Inflation and Historical Results
The primary goal of long-term investors is to increase wealth; it does no good to earn a return of 5% if the prices of things we want to buy go up by 6% due to inflation. To achieve the goal of building wealth a portfolio must earn returns that exceed any erosion in purchasing power due to inflation. We believe that capital market prices in the long run will do reasonably well at capturing the effect of inflation. Therefore, as long as we adjust historical results to take out past inflation we can use the past relationship between volatility of return (risk) and average return to describe what is reasonable to expect in the future. Keep in mind that we are seeking to describe how markets are expected to pay, in terms of return, for bearing risk. We can be reasonably assured that when we compare the actual long-run rate at which wealth was built (return) to what we expected, markets will have adjusted for inflation.

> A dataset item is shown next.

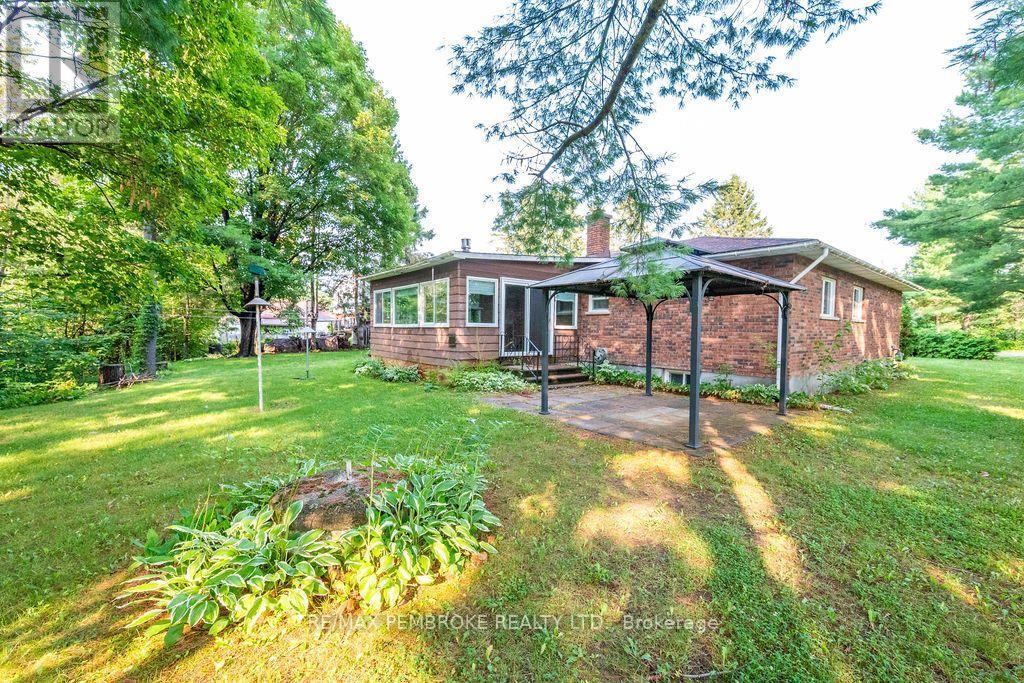 20 MEADOWBROOK DRIVE - 34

Benchmark Portfolios - The Spectrum of Expected Return and Risk
Expected Return - Expected return reflects an average annual growth in the value of your portfolio over a long investment horizon. Realizing this return in the short-term will be purely coincidental. The short-term return will fluctuate around this long-term average. The size of this fluctuation is the risk an investor must endure.

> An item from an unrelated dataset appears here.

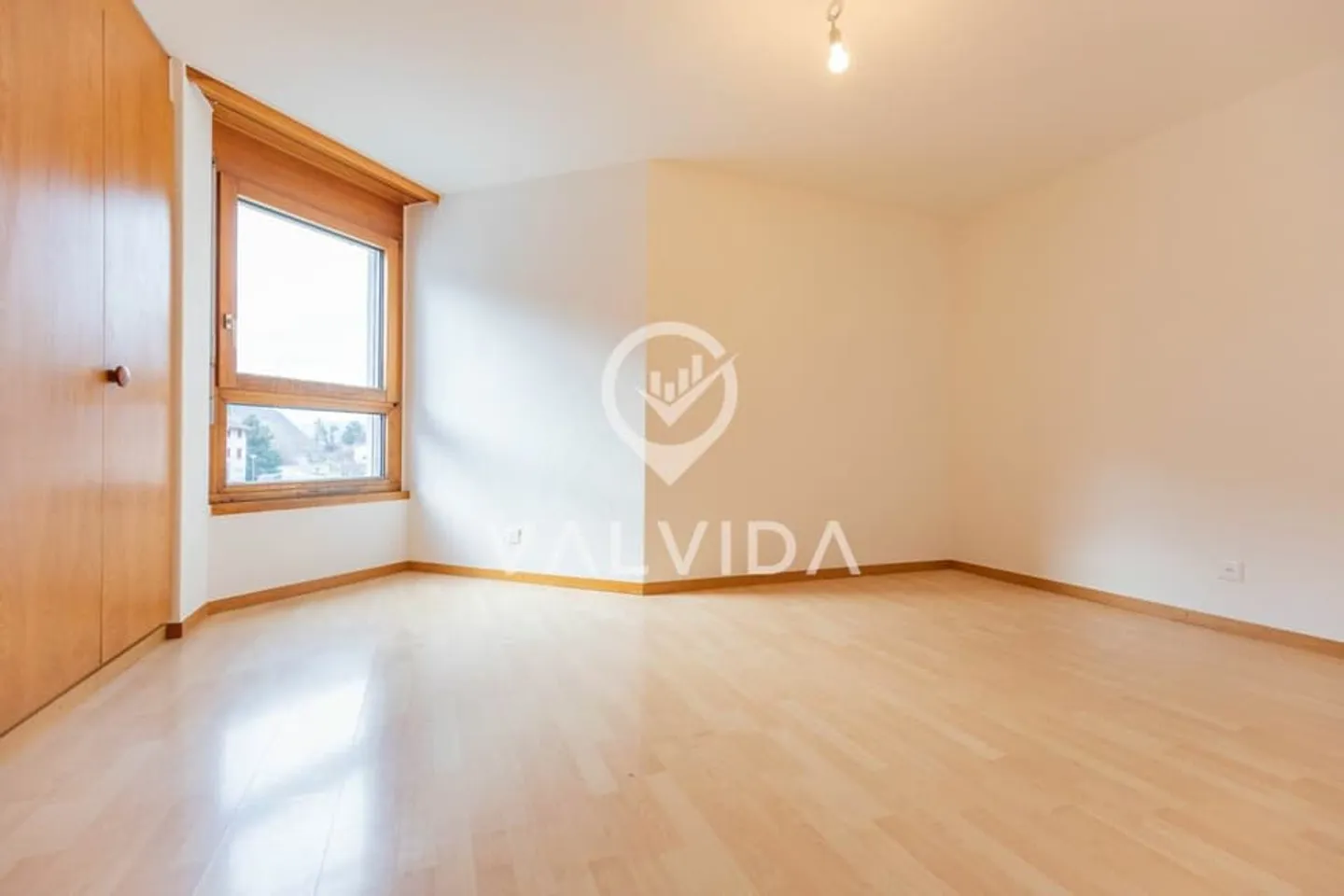 Appartement attrayant de 4,5 pièces à Raron - ensoleillé, calme, central, avec garage - Photo 7 sur 13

Risk - Risk is the amount of the fluctuation in annual return. The percentage that reflects the level of risk inherent in a particular investment strategy measures the range of possible returns in any give year.
The expected return and risk of each of our Benchmark Portfolios, based on actual results since December 31, 1970 are presented in the following table (All returns are after inflation):
| Benchmark Portfolio: |
Capital Preservation |
Conservative |
Moderate |
Aggressive |
All Equity |
| Expected Return: |
2.9% |
4.6% |
6.0% |
7.0% |
8.2% |
| Risk: |
4.3% |
7.5% |
10.5% |
13.1% |
16.8% |
One way to interpret these percentage measures of risk is as a range within which the actual short-term return will be realized. For example, consider the Capital Preservation portfolio. The expected real return from the portfolio is 2.9% with 4.3% risk. This risk measure means that you should plan on an actual annual return within 4.3% of the expected returns in two out of every three years and outside this range in one out of every three years. So, one out of every six years it is reasonable to expect a return greater than 7.2% and, by the same token, you can expect less than -1.4% with the same frequency. You can use a similar analysis to assess the risk and expected return trade-offs in each of the other Benchmark Portfolios.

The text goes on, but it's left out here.